On the subject of dreams, the original dream was to disrupt the fashion industry. Slaves no more to supply chains that pollute our rivers and oceans. Force us to consume in order to fit in. Fast fashion will be replaced by augmented fashion. More fluid. Infinitely richer and more connected to our identities. Reactive to others. A new type of experience befitting a more interesting and balanced planet. Note that every year we produce more than 80 billion items of clothing and that a cotton shirt need 700 gallons of water to be produced.
How do we create Glimpse? In order to fulfil this vision we needed the computer to see the human body. To tell it apart from the rest. If you want to sculpt an elephant out of a rock, you chip away everything that is not the elephant. We had to accurately tell human bodies from their surroundings. Only then would we be able to overlay avatars and fashion and dreaminess.
At impossible we had been working on Google Tango for a while, and we saw an opportunity when that project faded away, to try and solve the technical challenges needed to fulfil Glimpse’s original vision. Body pose estimation
It took a while to get a model that could accurately estimate a person’s body pose and overlay a skeleton in realtime. The code for it can be found here. Chris and Rob and Pawel did a great job. Yes it uses machine learning. No it does not use convoluted neural networks. It uses the depth map afforded by the iPhone’s front facing camera to help accelerate the computational tree model.
Because the process took so long (almost two years, part of which lost in tango land), we started getting jittery. Is there a product we can launch, we thought, that will just prove the technology and solve a problem? Is this avatar idea too far fetched? Who are we to disrupt the fashion industry? Let’s focus on a real problem, we thought.
As we saw it, this tech can and will be used primarily in three sectors. Entertainment, Health and Security.
The entertainment aspect of it is easily imagined when everyone’s an avatar. We imagined tribes that fight for geo supremacy in a niantic kind of game. We looked at augmenting our bodies to help with dating. Virtual try-ons to help automate and enrich the shopping experience. One where you could produce and purchase the virtual garment for a fraction of the physical.
Security felt like an inevitable outlet for this type of tech. Body pose estimation is an obvious companion to face tracking. There are certain poses that can arouse suspicion in given, normalised situations. The way your body moves is after all the reaction to a mental state. Maybe you’ve just stolen something from the candy isle, maybe you’re feeling depressed, in love… we will be able to track your inner world of emotions in a combination of face and body pose estimation. We don’t really want to, but we will.

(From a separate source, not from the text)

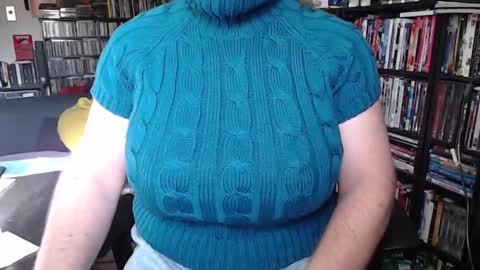 Snapshot of aspen_vale chatting on September 2025 08:10:01 PM Aspen Vale online show from September 2025 08:10:01 PM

As a company we had been deepening our product dev expertise in health and, when we started to get jittery with how long we had been working on the body pose estimation tech, in hindsight a mistake, we pivoted to a health product. BTW, first lesson to take out: it’s not considered a pivot if you pull out way before failing. It’s more aptly called a waste of energy and bad planning. Regardless, a health pivot felt more aligned with our thinking at the time and also with the state of our tech. Being useful, human centric… We imagined building a business that uses computer vision to guide people through a set of exercises in various disciplines, yoga, tai-chi… physical rehabilitation. A personal trainer, Alexa style, after all why look at a screen when you can have a voice look at you, estimate your body pose against a database of masters, and tell you what pose to strike next. We called it Stand. [Screengrab of the site, now offline].
As a venture builder, most of the ventures we create will be nothing but learning exercises. Failing fast and sometimes not so fast. Expensive learning exercises at best. From a vision perspective it’s great to now see similar companies and concurrent goals come to life. It proves that our instinct is correct. You’re never alone with a good idea. Timing and luck play an important role. We tend to be early.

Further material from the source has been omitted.